Nylon and leather materials are considered most durable because they are strong and they last longer. Nylon is also better for the water as wet leather tends to get moldy and could inflame your dog’s neck.

Ease of Cleaning Collars

Most materials are machine-washable.

Cost of Collars

How much you pay for a dog collar depends on your preference and pocketbook. You can purchase collars for as little as $8.00 or as expensive as $400.00 plus.

Brief History of the Dog Collar

Man’s love affair with dogs goes back to the ancient Egyptians of 3,500 B.C. Evidence of mummified dogs wearing collars were found in tombs of Egyptian royalty. But the relationship between human and dog may go back even further.
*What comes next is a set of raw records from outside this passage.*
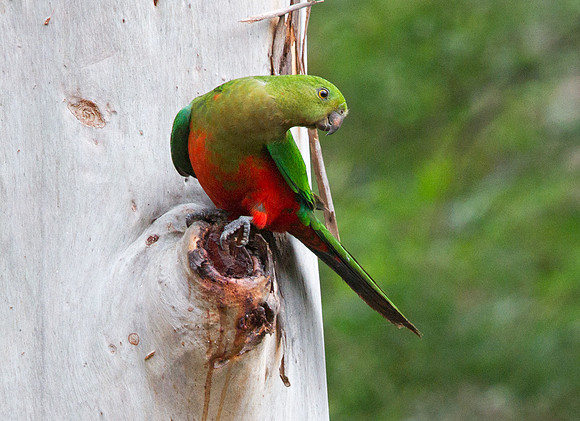 Australian king parrot (Alisterus scapularis) Female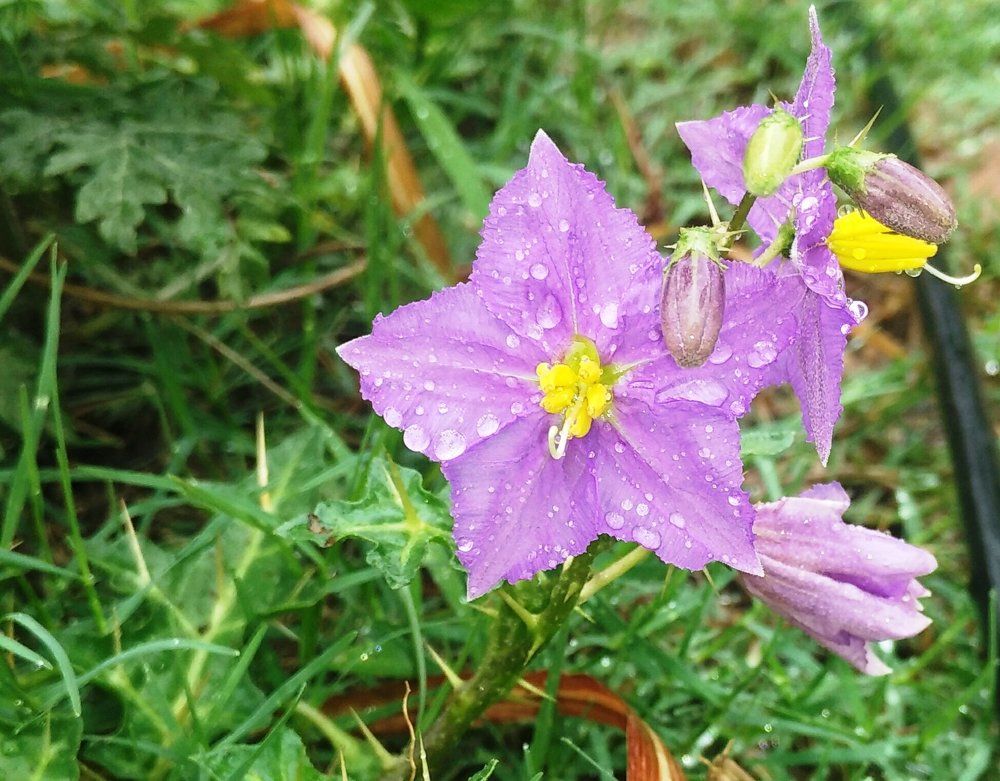 wild flower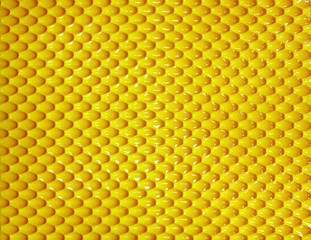 Yellow Nature Background.  honeycomb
Egyptians used their dogs mainly for hunting and guarding. These early collars were made of leather. The Greeks and Romans added nails or spikes to prevent wolves and other predators from biting the necks of the canines.

Dogs became available to the masses during the Renaissance Period (between the 14th and 17th centuries), according to the article “Dog Collars for Big Dogs” from the website In the 18th century, dog owners began carving funny rhymes and expressions as well as their and often their dog’s name into the collars. In addition to leather, collars were frequently made of gold, silver, or other precious metals. Some even had bells. As you see, embellishing dog collars is nothing new. The act has simply been blown out of proportion today.


This article gives you some idea of what’s currently on the dog collar market, but you should consult someone with experience (sales representative, trainer, or vet) to help you choose the very best collar for you canine buddy. And remember to include that matching leash.